Although this study has notable strengths, there are also several limitations that must be acknowledged. First, the sample was small, and analyses should be replicated in larger samples. Next, data were cross-sectional and thus it is unknown whether deficits in cognition predate and/or exacerbate PTSD symptoms or vice versa. We also did not have a group with PTSD but without a history of mTBI to determine whether mTBI history exerts effects on PTSD symptom clusters over and above what is observed in PTSD alone. Future research would benefit from inclusion of a relevant, treatment-seeking, PTSD-only group for comparison. However, given diversity within the mTBI sample (mechanism and number of injuries), as well as the treatment-seeking nature of the sample, the present study has implications for treatment (discussed further below). Commonly co-occurring conditions such as depression, pain, and sleep were not assessed using a diagnostic interview and are important variables to include in future research on this population.
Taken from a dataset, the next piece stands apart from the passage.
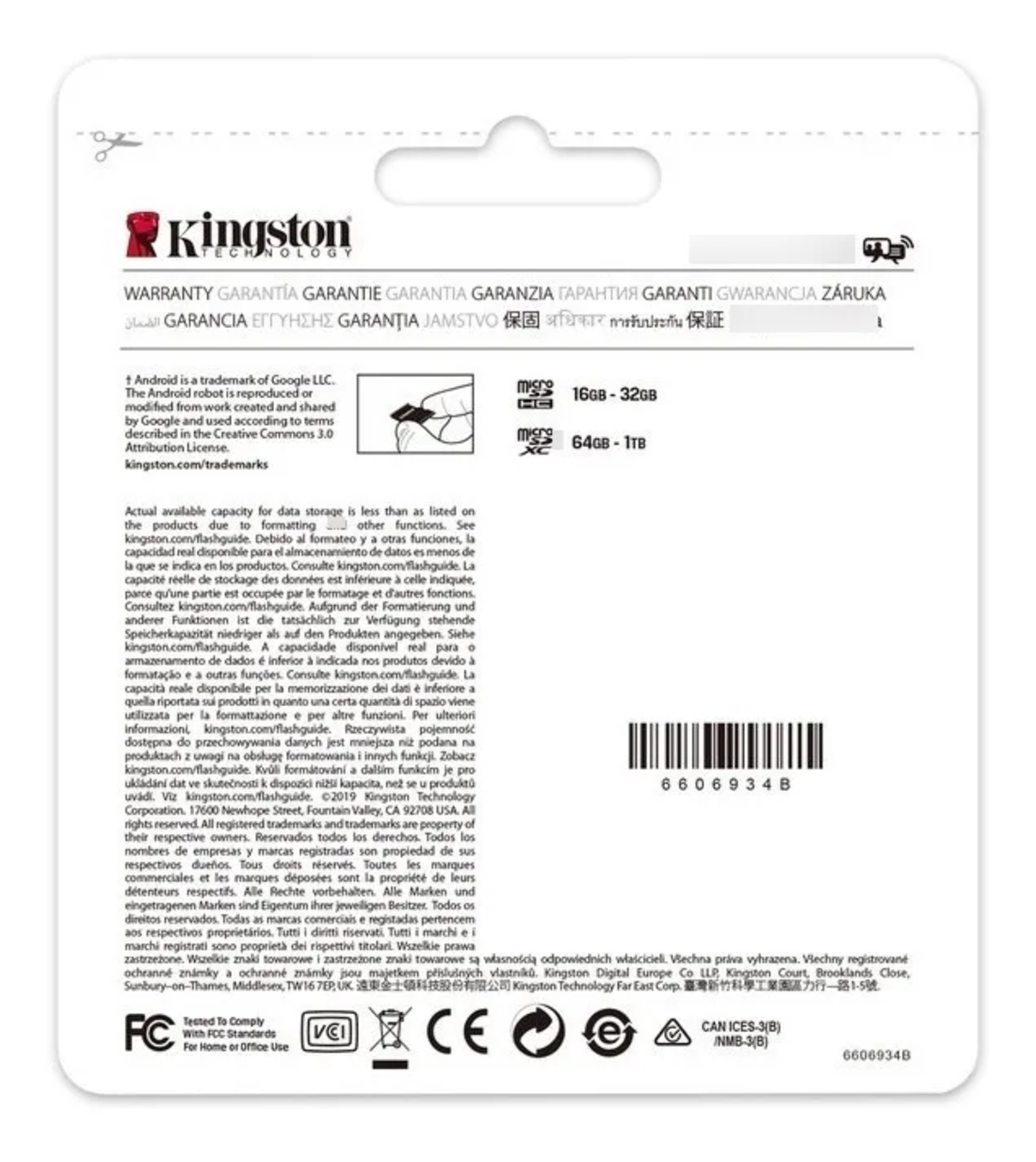 Kingston micro sd 64 GB 100 MB/s CANVAS SELECT PLUS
Another limitation was that a self-report measure was primarily used to assess PTSD symptoms; however, self-report measures have been shown to have high correspondence with clinician-administered measures (
99,
100), and this approach has been used previously (
27,
59). Finally, the DSM-IV PTSD criteria were used in the present study rather than the updated DSM-5 criteria. Given that many longitudinal studies will likely continue to collect DSM-IV PTSD data, and that the PTSD DSM-IV symptom clusters are still present in DSM-5 (
101), the present study provides relevant information on how these symptom clusters relate to important variables in those with PTSD and a history of mTBI.
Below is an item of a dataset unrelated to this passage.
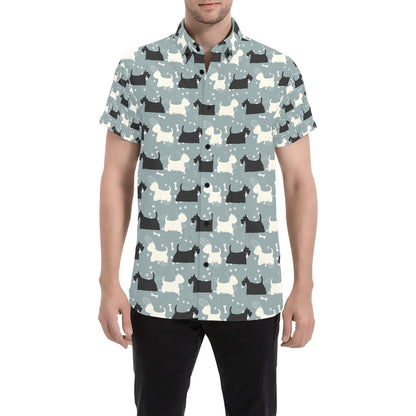 Scottish Terriers Print Design LKS301 Men Short Sleeve Button Up Shirt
The specific relationships between re-experiencing and hyperarousal symptoms of PTSD and cognition and self-reported postconcussive symptoms have implications for treatment of those with PTSD and a history of mTBI, especially given that pretreatment characteristics such as cognitive performance, PTSD symptoms, and mechanism of injury have been shown to predict treatment retention and response in veterans with PTSD and/or a history of mTBI (
26,
27,
102). The findings from the present study indicate that those with greater mTBI injury burden exhibit associations between slowed processing and higher re-experiencing and hyperarousal symptoms and suggest that treatment should more directly target these symptoms. For example, cognitive rehabilitation before or concurrently with PTSD treatment holds promise to boost treatment compliance and gains in those with comorbid PTSD and mTBI history (
27,
59). It may also be of benefit to clinical providers to understand that these cognitive difficulties may play a role in the maintenance of re-experiencing and hyperarousal symptoms or vice versa, particularly if they are refractory to treatment. This may be especially relevant for veterans presenting with subtle processing speed or executive functioning difficulties with a history of blast or repetitive mTBI. Finally, a recent study demonstrated that PTSD moderated the interaction between a history of a single mTBI and executive dysfunction in late middle-aged Vietnam-era male veterans, suggesting that the synergistic association between these variables may continue to be important as Iraq and Afghanistan veterans age (
103). Taken together, our findings suggest that ongoing evaluation of the independent and synergistic influences of TBI characteristics and PTSD symptom clusters on cognition and postconcussive symptoms among veterans across the lifespan is warranted.